CANADA FX DEBT-C$ softens as next week's Fed meeting, data in focus

* C$ at C$1.0277 vs US$ or 97.30 U.S. cents
    * Fed policy debate, next week's jobs data in focus
    * Oil prices fall on China, U.S. output worries
    * Bond prices higher across curve

    By Solarina Ho
    TORONTO, July 26 (Reuters) - The Canadian dollar eased on
Friday from a five-week high against the U.S. dollar, but traded
within a tight range as investors eyed economic data and a
Federal Reserve meeting next week for guidance on the U.S.
    "We had a little volatility earlier in the week but that's
pretty much been sapped out of the market," said Blake
Jespersen, managing director, foreign exchange sales at BMO
Capital Markets.
    With a lack of economic data to drive direction, the
commodities-linked currency was pressured in part by weaker oil
prices, which fell on worries over a looming Chinese economic
slowdown and decades-high oil output in the United States. 

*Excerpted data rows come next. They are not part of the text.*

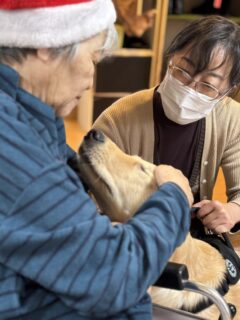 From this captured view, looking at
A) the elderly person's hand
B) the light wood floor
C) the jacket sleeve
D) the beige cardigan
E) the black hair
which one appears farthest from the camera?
the light wood floor

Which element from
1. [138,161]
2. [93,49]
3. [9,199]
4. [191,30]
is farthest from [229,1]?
[9,199]

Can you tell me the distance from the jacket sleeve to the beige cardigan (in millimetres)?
736

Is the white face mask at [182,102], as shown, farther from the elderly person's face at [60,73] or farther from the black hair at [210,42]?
the elderly person's face at [60,73]

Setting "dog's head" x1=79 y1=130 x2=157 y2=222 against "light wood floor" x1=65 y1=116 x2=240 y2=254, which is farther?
"light wood floor" x1=65 y1=116 x2=240 y2=254

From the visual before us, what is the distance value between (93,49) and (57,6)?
10 centimetres

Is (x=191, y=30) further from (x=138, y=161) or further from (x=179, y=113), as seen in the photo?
(x=138, y=161)

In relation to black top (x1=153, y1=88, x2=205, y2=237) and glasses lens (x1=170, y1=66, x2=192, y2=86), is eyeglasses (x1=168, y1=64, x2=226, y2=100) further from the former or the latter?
black top (x1=153, y1=88, x2=205, y2=237)

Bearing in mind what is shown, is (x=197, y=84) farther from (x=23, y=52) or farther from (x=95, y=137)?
(x=23, y=52)

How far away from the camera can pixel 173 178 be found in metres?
0.96

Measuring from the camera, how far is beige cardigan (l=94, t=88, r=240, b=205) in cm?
151

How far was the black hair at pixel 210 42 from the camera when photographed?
1343 mm

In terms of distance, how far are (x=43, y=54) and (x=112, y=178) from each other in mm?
431

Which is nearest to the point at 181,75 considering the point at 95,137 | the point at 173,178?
the point at 95,137

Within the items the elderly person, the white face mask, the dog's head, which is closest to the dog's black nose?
the dog's head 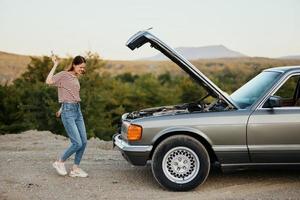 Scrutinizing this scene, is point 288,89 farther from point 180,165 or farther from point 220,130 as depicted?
point 180,165

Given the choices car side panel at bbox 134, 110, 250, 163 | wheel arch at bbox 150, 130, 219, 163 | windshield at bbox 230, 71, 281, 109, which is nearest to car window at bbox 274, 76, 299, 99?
windshield at bbox 230, 71, 281, 109

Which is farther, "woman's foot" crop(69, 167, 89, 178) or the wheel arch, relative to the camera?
"woman's foot" crop(69, 167, 89, 178)

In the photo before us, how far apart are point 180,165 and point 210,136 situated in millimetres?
608

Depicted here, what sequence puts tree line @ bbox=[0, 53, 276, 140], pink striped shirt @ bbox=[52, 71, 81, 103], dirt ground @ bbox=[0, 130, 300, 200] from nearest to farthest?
dirt ground @ bbox=[0, 130, 300, 200], pink striped shirt @ bbox=[52, 71, 81, 103], tree line @ bbox=[0, 53, 276, 140]

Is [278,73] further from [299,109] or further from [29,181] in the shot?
[29,181]

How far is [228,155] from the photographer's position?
23.6 ft

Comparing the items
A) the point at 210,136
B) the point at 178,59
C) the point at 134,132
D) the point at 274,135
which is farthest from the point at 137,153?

    At 9:17 a.m. (1317 GMT), the Canadian dollar was
trading at C$1.0277 versus the U.S. dollar, or 97.30 U.S. cents,
marginally off its North American session close at C$1.0264, or
97.43 U.S. cents on Thursday.
    The Canadian dollar, which was mixed against other major
currencies and trading within a narrow range on Friday, was
expected to be bound between C$1.0260 and C$1.0310.
    The greenback was broadly weaker after a Wall Street Journal
report said the U.S. central bank may debate changing its
forward guidance to emphasize that it will keep rates low for a
long time. The news prompted investors to trim bets on the
dollar gaining. 
    Next week, Canada and its largest export market will release
economic growth data, while the U.S. will also issue its July
data on the state of the labor market.
    "Everything the Fed says these days is extremely important
to the market and has been moving the market quite dramatically.
Fed is always the big event, but of course jobs on Friday will
also be key," said Jespersen.
    The price of Canadian government debt was higher across the
maturity curve. The two-year bond rose 1.8 Canadian
cents to yield 1.144 percent, while the benchmark 10-year bond
 rose 13 Canadian cents to yield 2.450 percent.